LISTED ENTRIES Start Marker

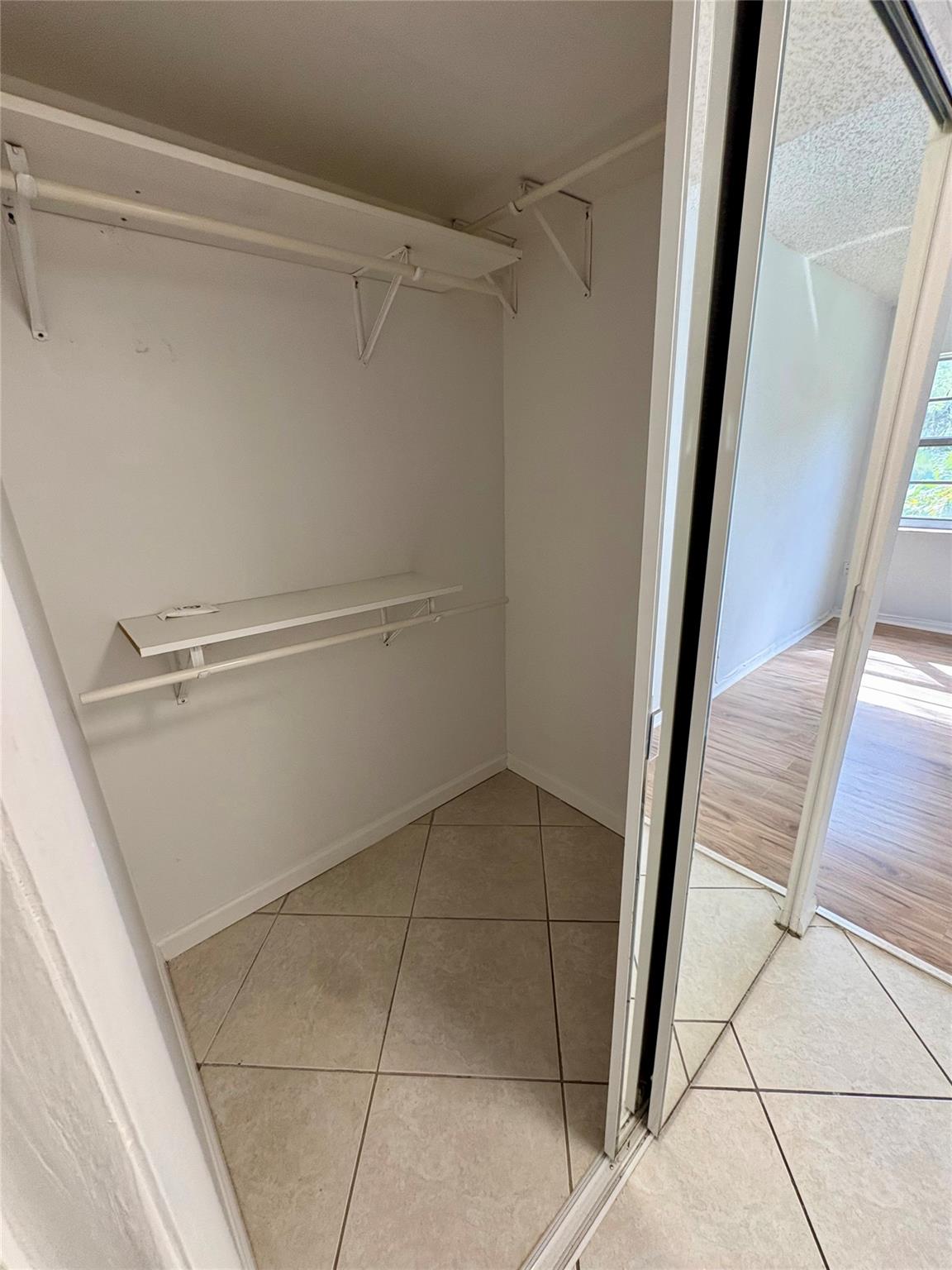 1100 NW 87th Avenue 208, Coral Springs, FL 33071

LISTED ENTRIES End Marker
LISTED ENTRIES Start Marker

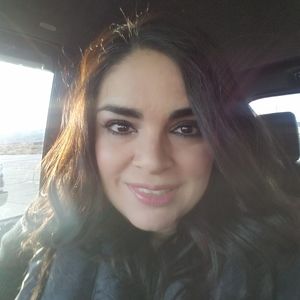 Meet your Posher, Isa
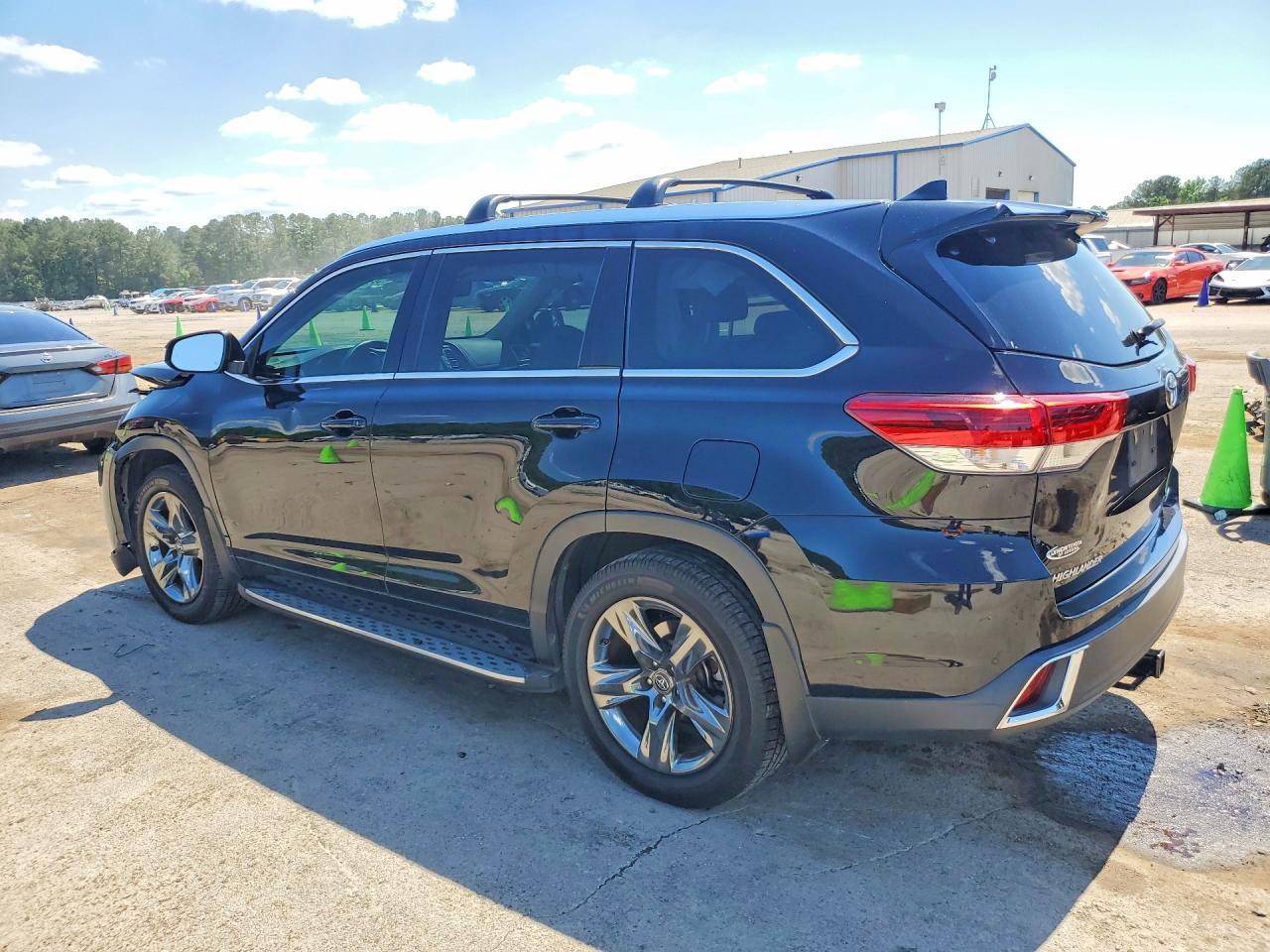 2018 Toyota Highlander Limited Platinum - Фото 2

LISTED ENTRIES End Marker
LISTED ENTRIES Start Marker

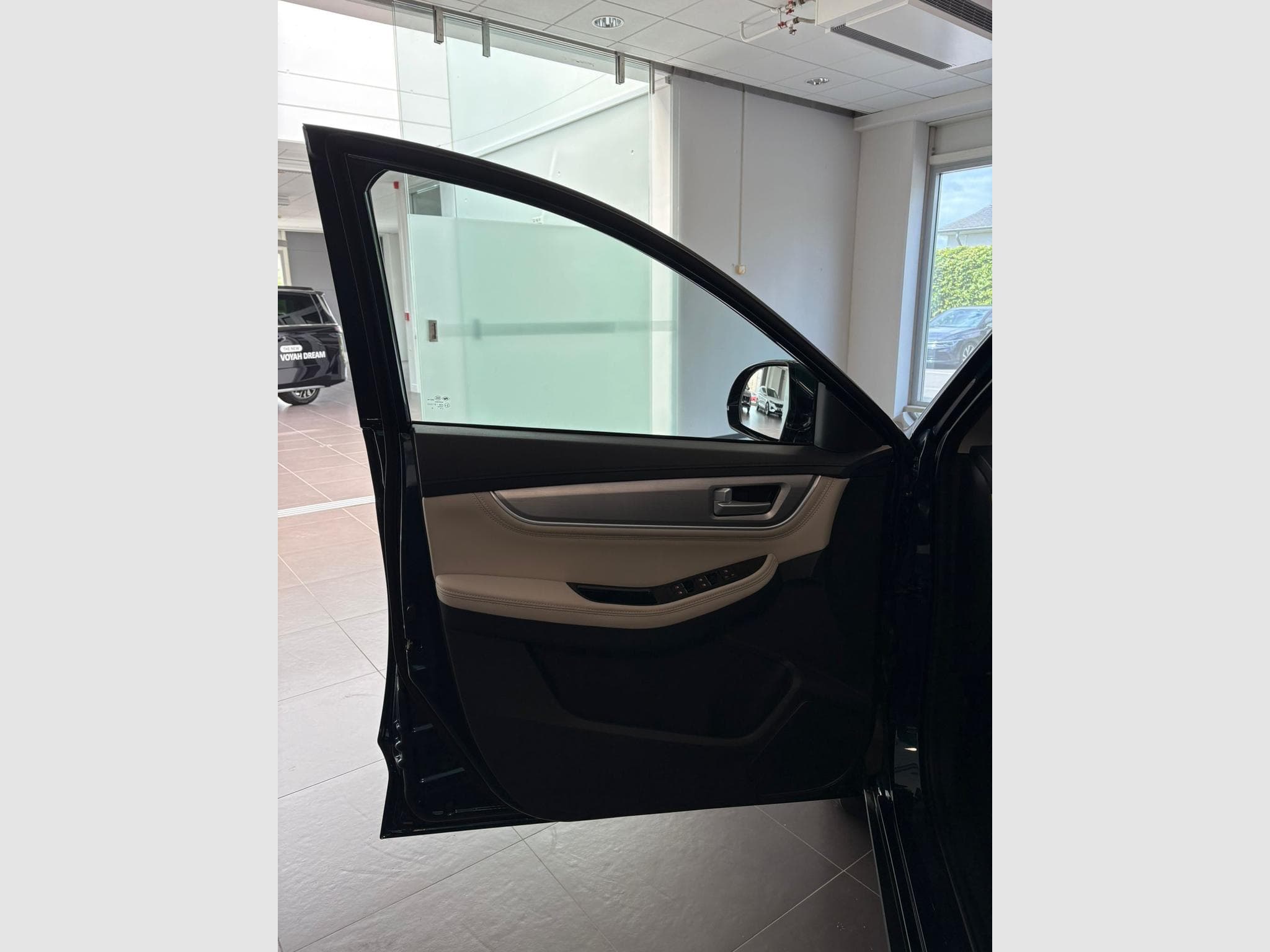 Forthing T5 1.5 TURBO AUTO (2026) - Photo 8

LISTED ENTRIES End Marker

### ACTIVITY
With the pictures omitted, copy the entries above exactly from the line containing "Meet your Posher, Isa" through the line containing "2018 Toyota Highlander", both lines included.

### EXPECTED ANSWER
 Meet your Posher, Isa
 2018 Toyota Highlander Limited Platinum - Фото 2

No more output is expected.